- [Work request]
Your copy of the entries below should hold exactly the lines from the one containing "Dolce & Gabbana" to the one containing "Astley Clarke Gold Biography Heart Braceley", inclusive, and no pictures.

- [Supplied information]
────────────────────────────────────────

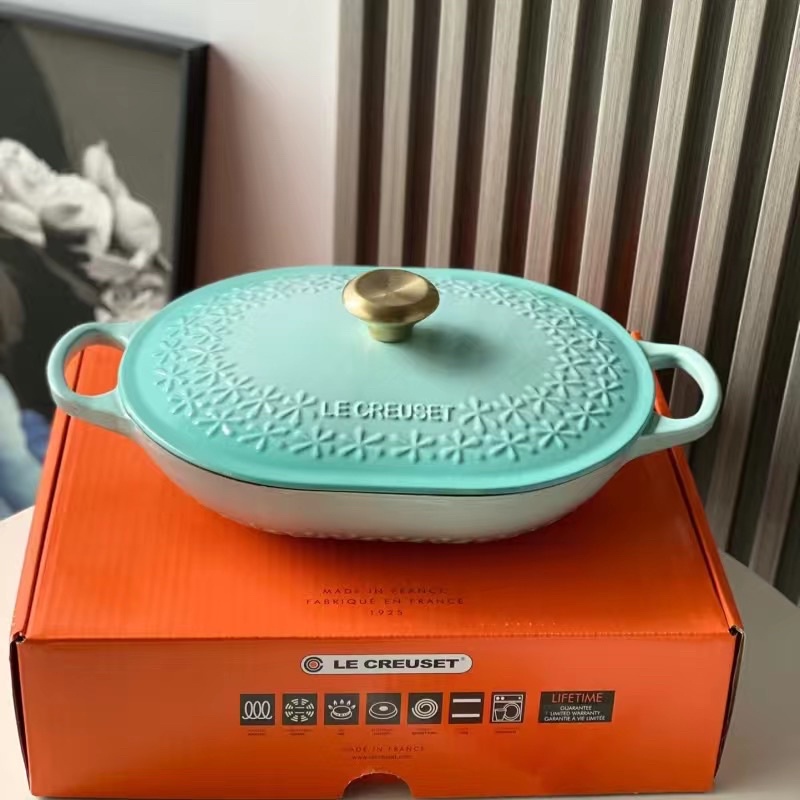 Nồi gang tráng men hình bầu dục Le creuset 31cm oder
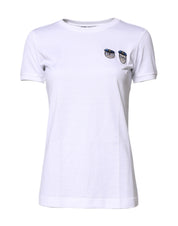 Dolce & Gabbana White #DGFamily Cotton Crew Neck T-shirt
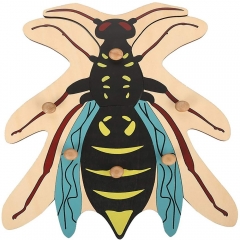 2022 High Quality Educational Montessori Material Montessori Wooden Wasp Puzzle Toys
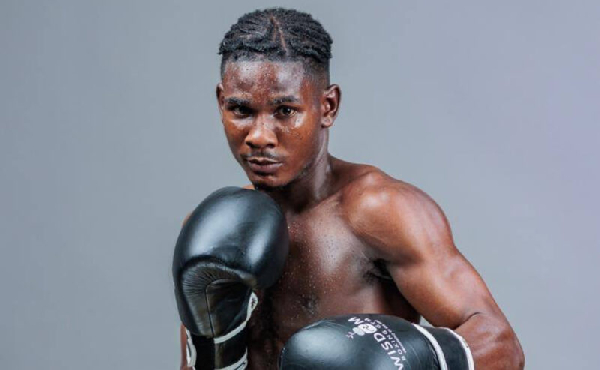 Ghanaian boxer Theophilus Allotey
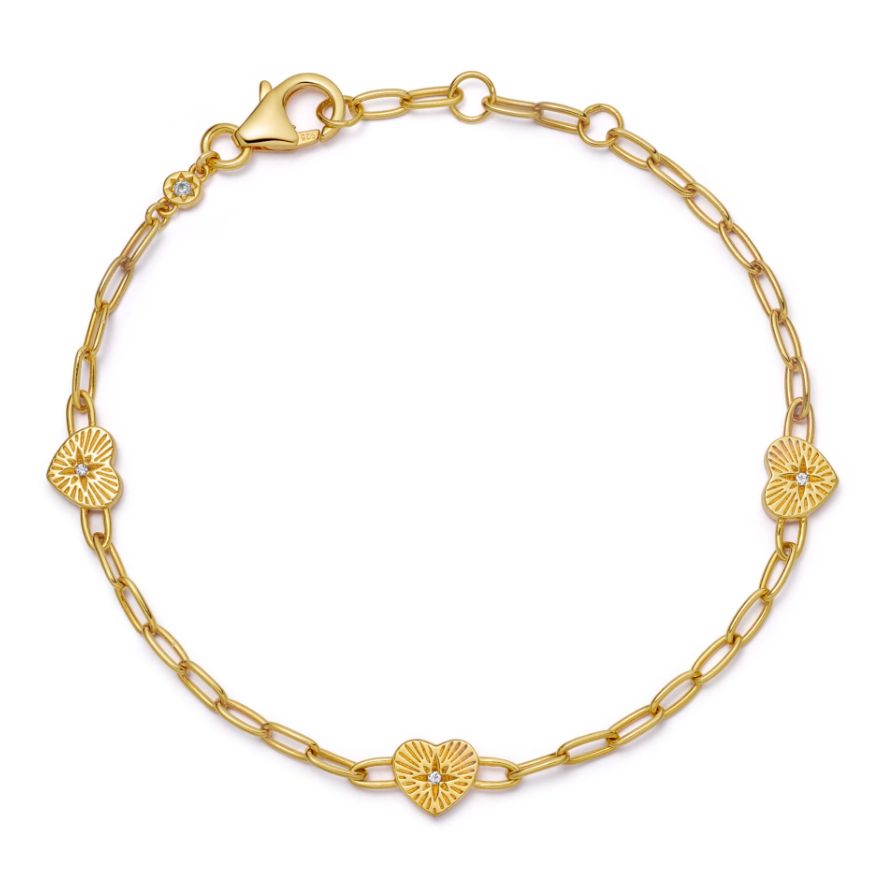 Astley Clarke Gold Biography Heart Braceley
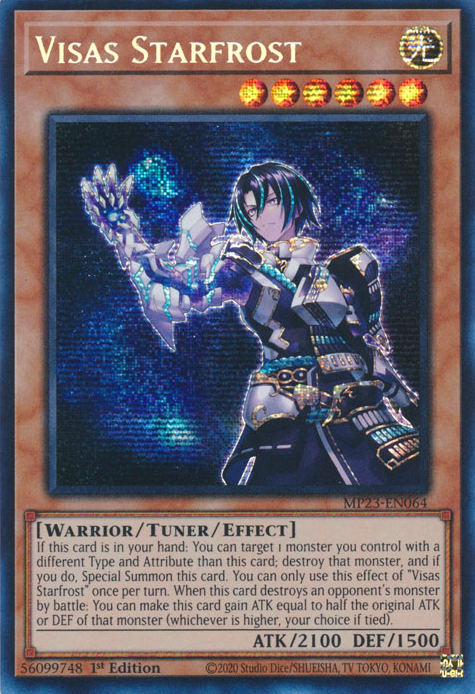 Visas Starfrost [MP23-EN064] Prismatic Secret Rare | Enigma On Main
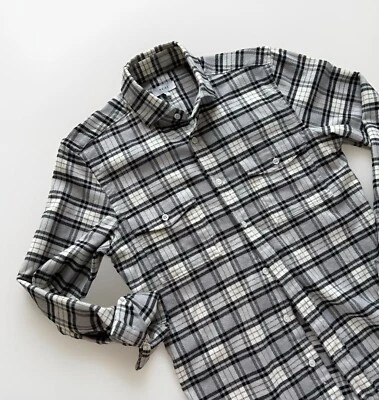 Sobrecamisa de franela a cuadros Reiss Dashand Mouline para hombre talla pequeña $215 Foto 1 de 4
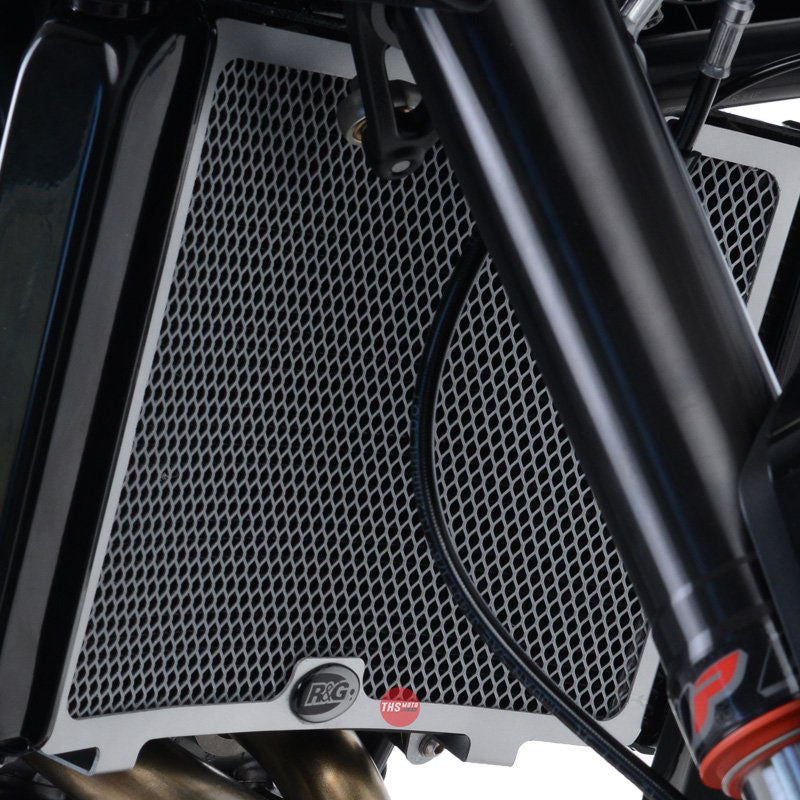 R&G Racing Radiator Guard KTM 790 Duke 18- OEM mod radiator Black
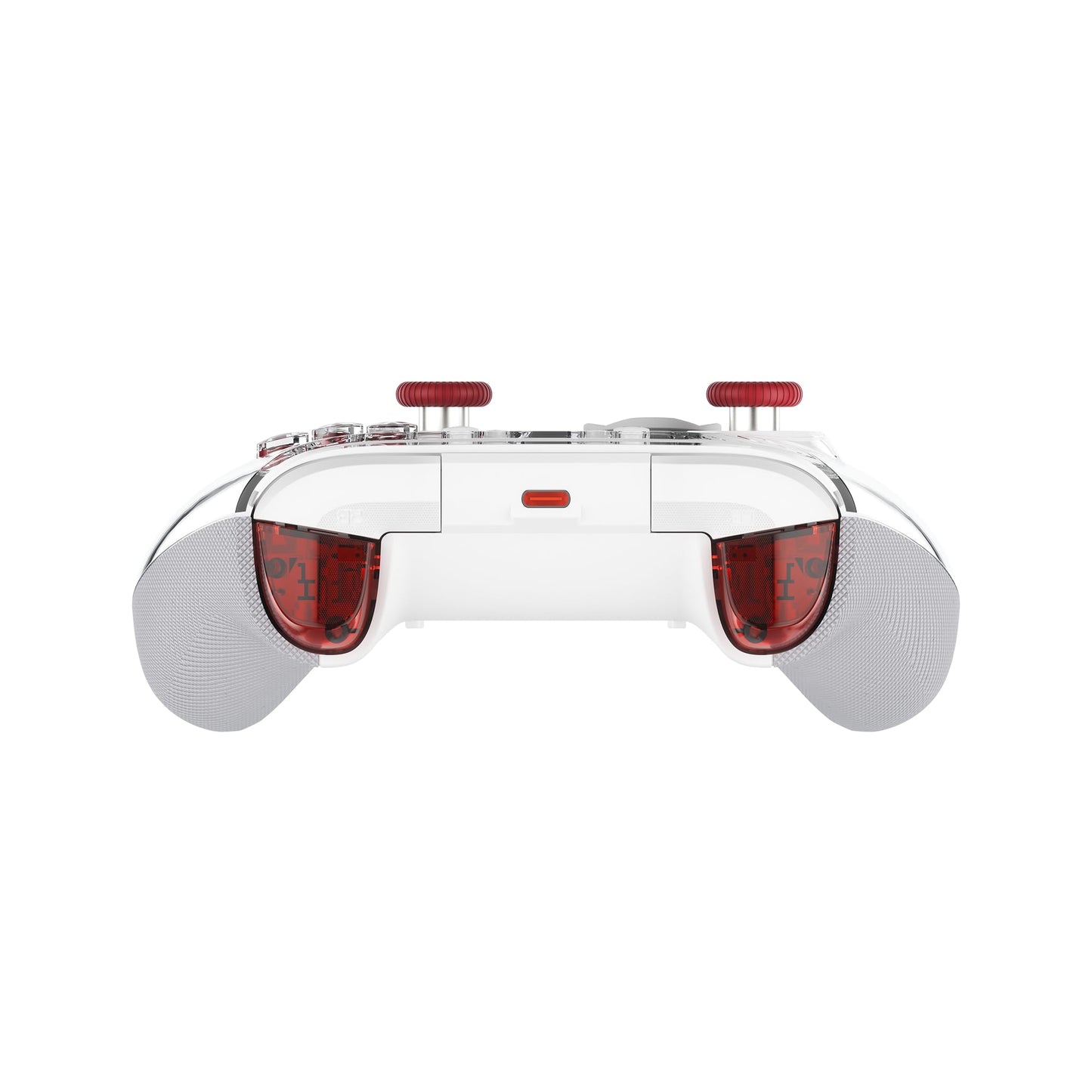 MOBAPAD Huben2 Wireless Switch Controller Pro – PC Controller with ALPS Linear Motors, Pro Controller Switch, Omron Mechanical Buttons, 6-Axis Motion (White)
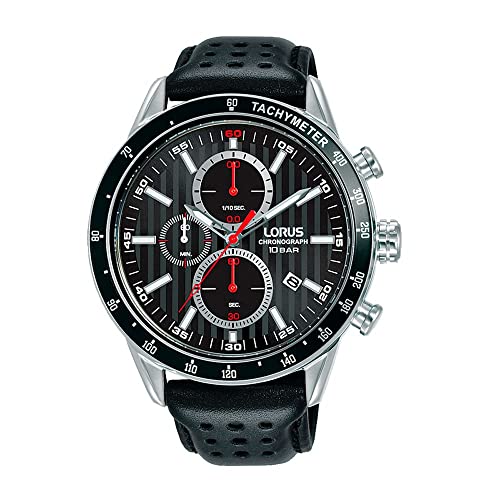 Lorus RM335GX9 - Reloj analógico de Cuarzo con Correa de Piel auténtica para Hombre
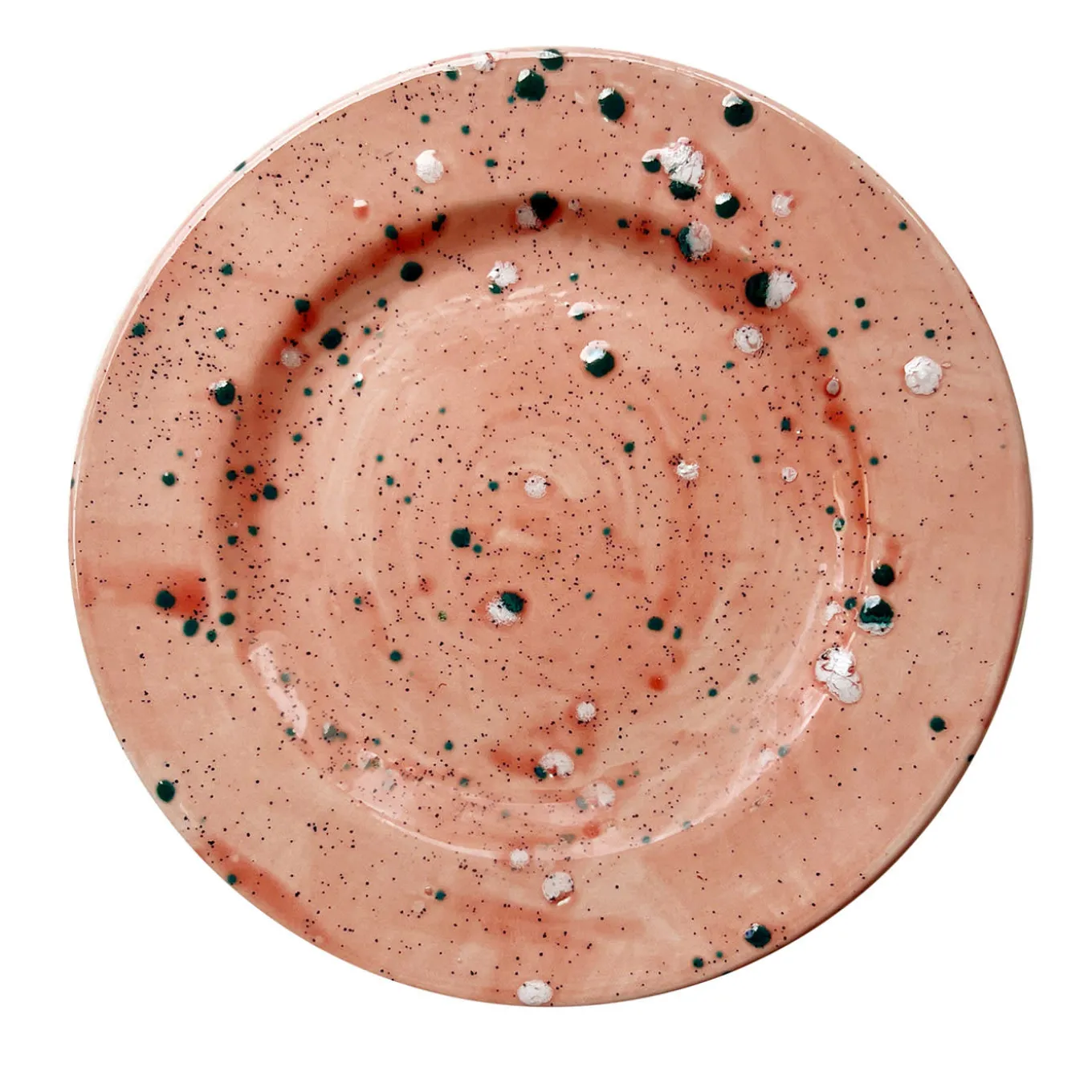 Coral Mottled Dinner Plate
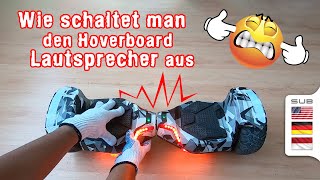 How to Turn Off Hoverboard Speaker Easily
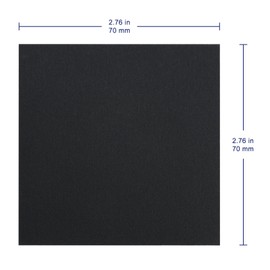 Labasics Metallographic Sandpaper Set, Laboratory Metal Electrode Sandpaper, 9 Sheets Per Pack, 70x70mm Sheet, 600# to 1500# Grit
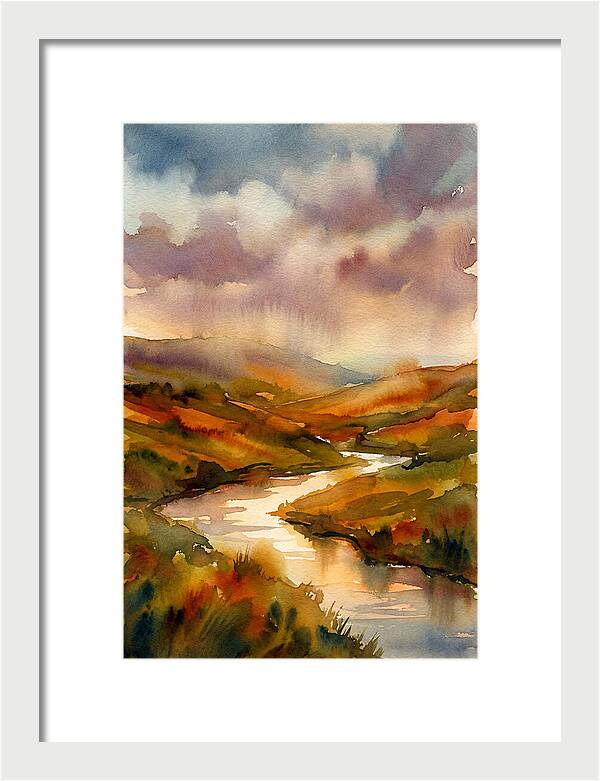 Summer Heat Over Rolling Hills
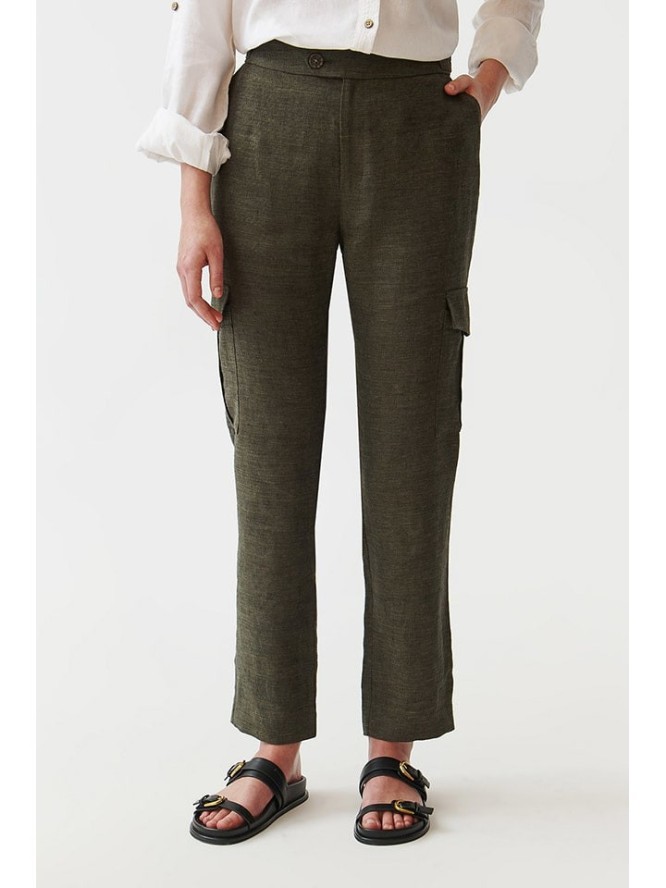 TATUUM Spodnie w kolorze khaki rozmiar: 40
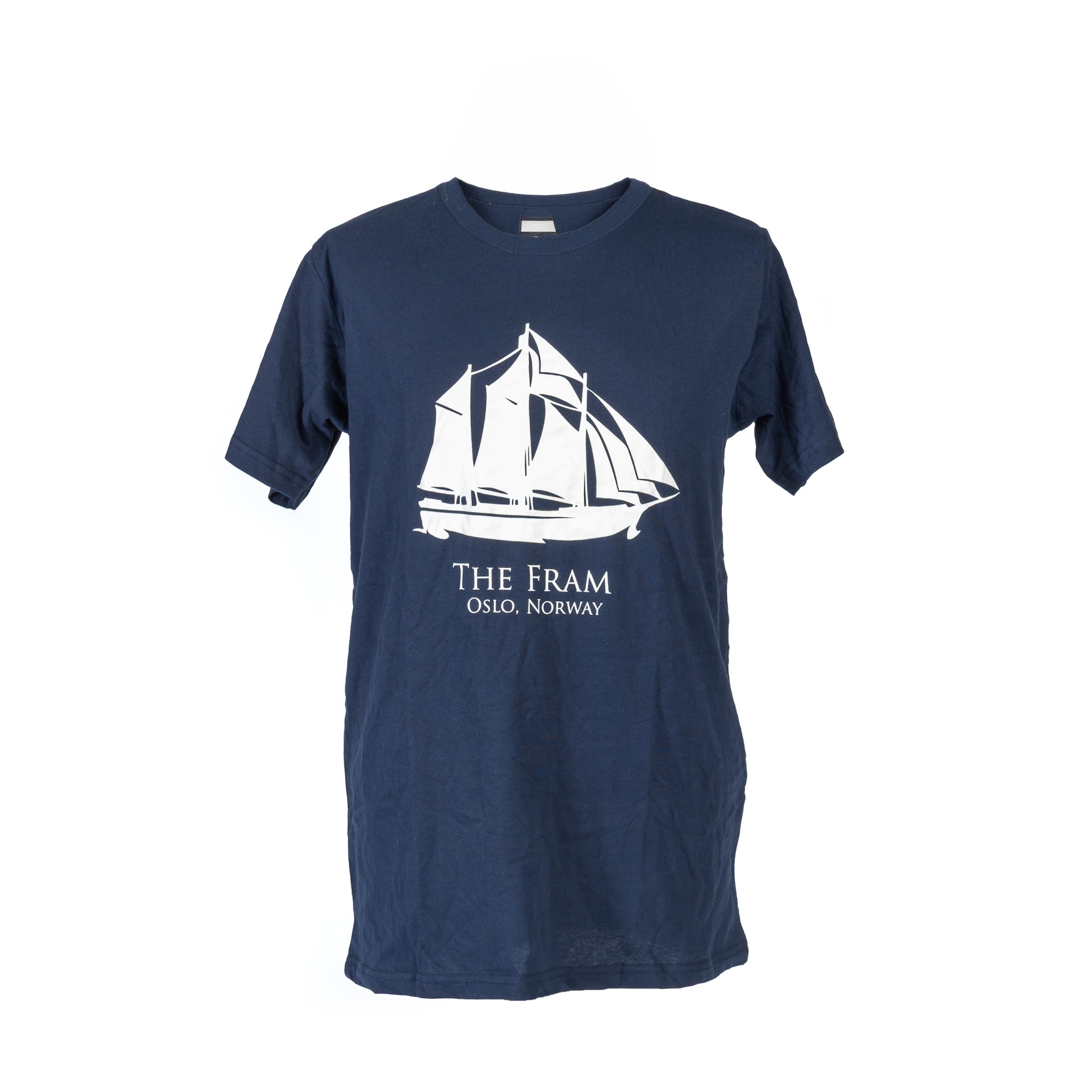 The Fram, Oslo Norway T-Shirt Colour: Blue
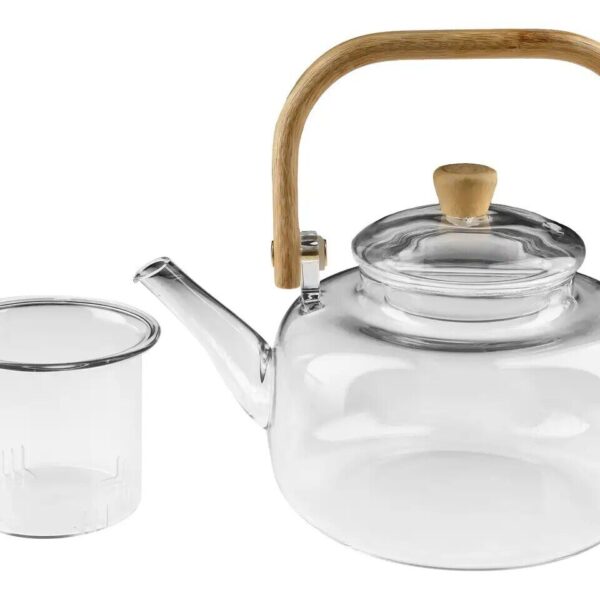 Stiklinis arbatos plikimo arbatinukas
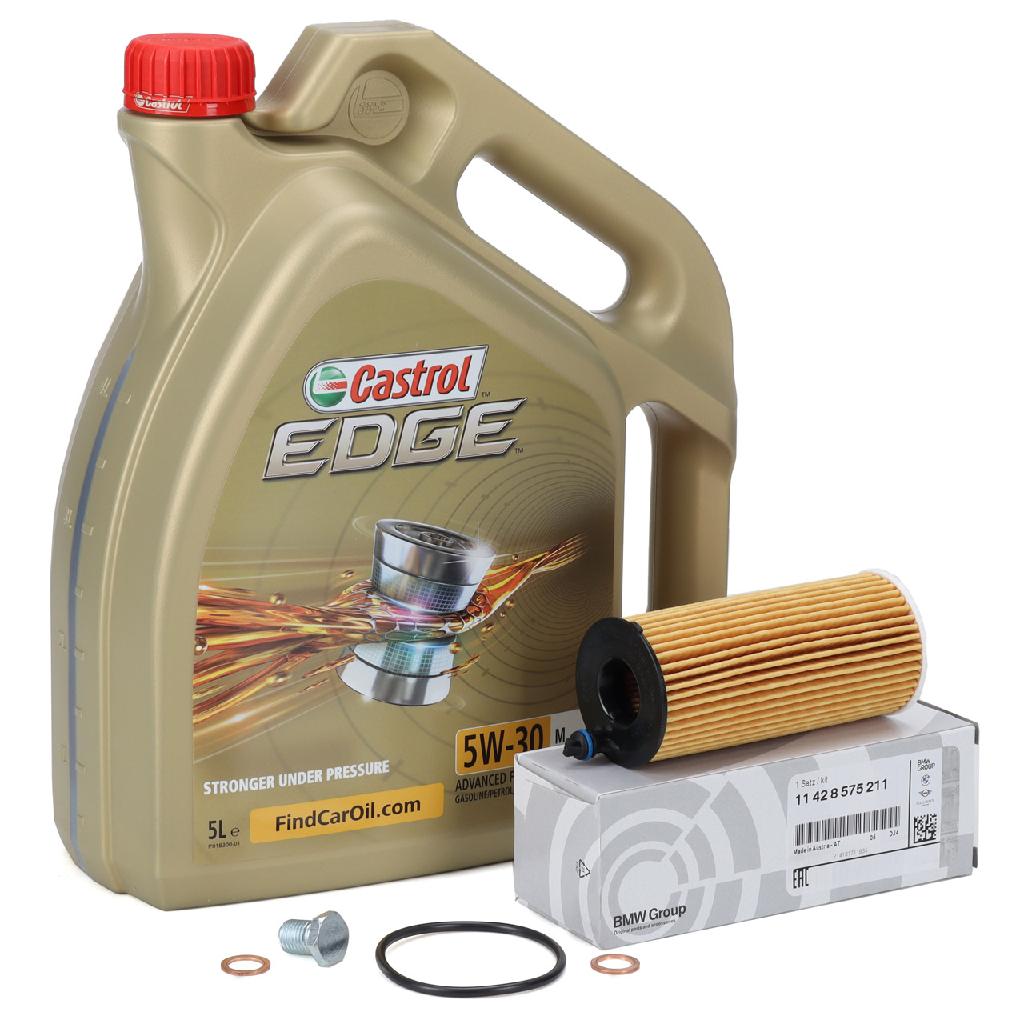 5L CASTROL EDGE 5W-30 M LL-04 Motoröl + ORIGINAL Ölfilter BMW F20/21 F22/23 F30/31 B37 B38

────────────────────────────────────────

- [Solution to this exercise]
 Dolce & Gabbana White #DGFamily Cotton Crew Neck T-shirt
 2022 High Quality Educational Montessori Material Montessori Wooden Wasp Puzzle Toys
 Ghanaian boxer Theophilus Allotey
 Astley Clarke Gold Biography Heart Braceley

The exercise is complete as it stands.